Seine Rolle in "Brokeback Mountain" brachte ihm vor zwei Jahren nicht nur eine Oscar-Nominierung für den besten männlichen Hauptdarsteller ein, sondern auch allseitige Anerkennung, denn spätestens mit Lees Western-Melo war klar, dass Ledger unter den aufstrebenden, jungen Schauspielern sehr ernst zu nehmen war. Seinen Ennis Del Mar gab er verstockt, wie gefangen in einem starken und zugleich unbeholfenen Körper, unfähig, sich und seine Gefühle auszudrücken, wie abgeschnitten von den Möglichkeiten, die ihm das Leben bereitstellte. Damit gelang Ledger wie vielleicht keinem anderen Schauspieler vor ihm eine profunde Darstellung schwulen Selbsthasses und verinnerlichter Homophobie - eine Darstellung, die gerade deshalb so anrührend ist, weil sie sich zum Porträt eines Mannes weitet, der sich auf tragische Weise selbst im Weg steht.
In den deutschen Kinos wird Ledger in gut einem Monat wieder zu sehen sein - Ende Februar startet Todd Haynes experimenteller Bob-Dylan-Film "Im not there", in dem der gebürtige Australier eine der sechs Bob-Dylan-Figuren spielt. Sein Robbie ist ein Filmheld, dem Dylan nachempfunden, der unter anderem für Sam Peckinpah vor der Kamera stand. Haynes zeigt ihn vor allem als womanizer und abwesenden Familienvater; seine von Charlotte Gainsbourg gespielte Frau vernachlässigt er. Haynes sagte im Gespräch mit der taz, in der Figur Robbies die für die späten 60er, frühen 70er charakteristischen Aporien in Gender-Fragen anklingen zu lassen: Progressivität in den Ideen, Rückständigkeit in der Praxis.
Längst nicht nur jenseits des Mainstreams war Ledger zu Hause.

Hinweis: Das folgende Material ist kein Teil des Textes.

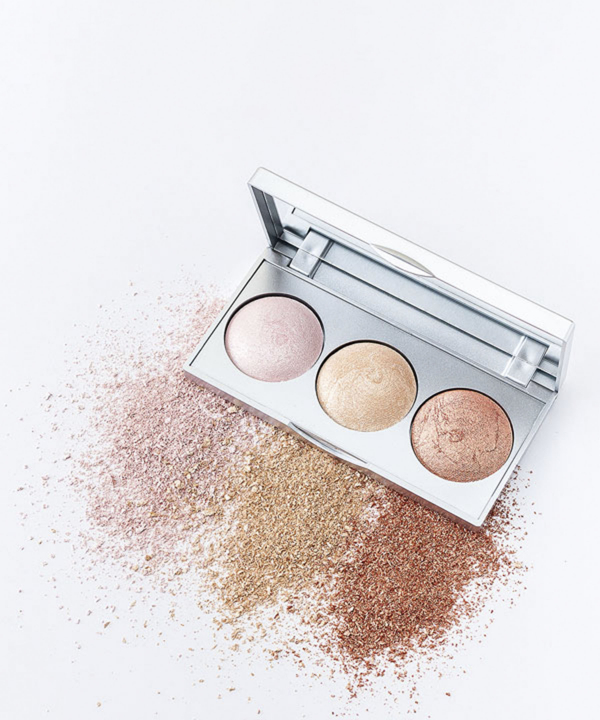 پالت هایلایتر گلدن رز Golden Rose مدل Strobing Highlighter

Nachdem er Mitte der 90er-Jahre aus seiner Heimat Australien nach Hollywood gezogen war, spielte er zunächst in Komödien wie "10 Dinge, die ich an Dir hasse" oder "Ritter aus Leidenschaft". In einem Gespräch mit der New York Times verwahrte er sich dagegen, auf einen Rollentypus festgelegt zu werden. "Die Leute fühlen sich immer gezwungen, einen irgendwie zusammenzufassen", sagte er, "aber in mir sind so viele Geschichten." Auch an potenziellen Blockbustern arbeitete er mit. So wurde im Herbst "The Dark Knight", der neue Batman-Film, abgedreht. Verantwortlich zeichnet das Studio Warner Bros. Ledger hat die Rolle des Joker inne. Der Filmstart in Deutschland ist für August geplant; im Juli soll "The Dark Knight" in den USA anlaufen. Da die Werbekampagne gerade in ihrer ersten Phase auf die Figur des Joker zugeschnitten ist, sind die Geschäftsführer des Studios ratlos, wie sie auf den Tod Ledgers reagieren. Ein Sprecher von Warner Bros. beteuerte, was für ein "herausragender Mensch" Ledger gewesen sei. Die kalte Gesetzmäßigkeit, dass im Showbusiness alles immer weitergehen muss, können solche Worte nicht außer Kraft setzen.